# [SOLVED] Device Memory Full



## Flight Sim Guy (Dec 19, 2011)

I have a Samsung Galaxy S2 Skyrocket with Android 4.1.2. Yesterday as part of an update or something it completely reinstalled my OS, deleting all my contacts, messages, etc. However, when I started to reinstall my apps it tells me that it has Insufficient Storage Available and and when I go to the Device Memory it says that the Total Space is 1.97Gb, the Applications is 124Mb, and the Available Space is 130Mb. Both the internal and the external SD cards have around 6Gb+ of free space, so how can I free up more of the Device Memory? It has only one aftermarket app, otherwise it's a fresh install. 

Thanks,
FSG


----------



## Masterchiefxx17 (Feb 27, 2010)

*Re: Device Memory Full*

Upgrades of Android do not reinstall the entire OS. Something must have went wrong.
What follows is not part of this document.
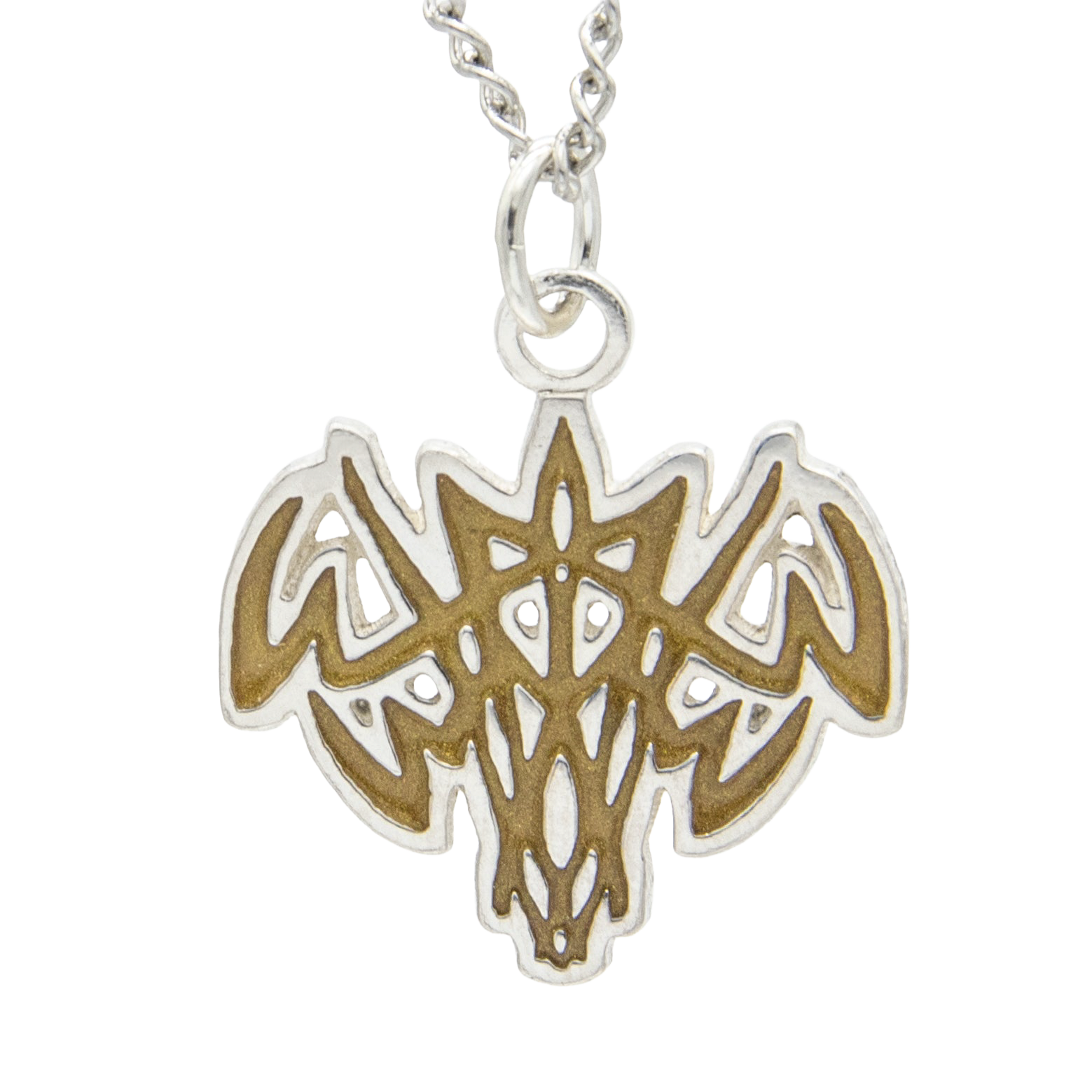 Tanat Stonewards Glyph Pendant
Since the phone was reinstalled I would try to do a factory reset again to see if that fixes the issue/


----------



## Flight Sim Guy (Dec 19, 2011)

I didn't think so. But whatever it was completely reinstalled it just like it was new.

How do you do a reset?


----------



## Masterchiefxx17 (Feb 27, 2010)

*Re: Device Memory Full*

Samsung Galaxy S2 — Performing a hard reset — Android Forum - AndroidPIT


----------



## Flight Sim Guy (Dec 19, 2011)

*Re: Device Memory Full*

Well, that worked. Thanks a bazillion, man. :thanx:


----------



## Masterchiefxx17 (Feb 27, 2010)

Any time. Something must have went wrong in the update.


----------



## Flight Sim Guy (Dec 19, 2011)

Must have. The guy at AT&T had me move all my pics, docs, etc. from the internal SD to the external, but the memory was the problem, not the storage.

On a scale of 1 to 10 how stupid should I feel for not thinking of a reset? :rofl:


----------



## joeten (Dec 4, 2008)

We cannot help with self deprecation:devil:
:facepalm::facepalm::facepalm::thumb:


----------



## Flight Sim Guy (Dec 19, 2011)

Haha! That's too bad. :lol:


----------



## joeten (Dec 4, 2008)

Yup you need a password for it and you know the rules about help with that lol


----------



## Flight Sim Guy (Dec 19, 2011)

:rofl:


----------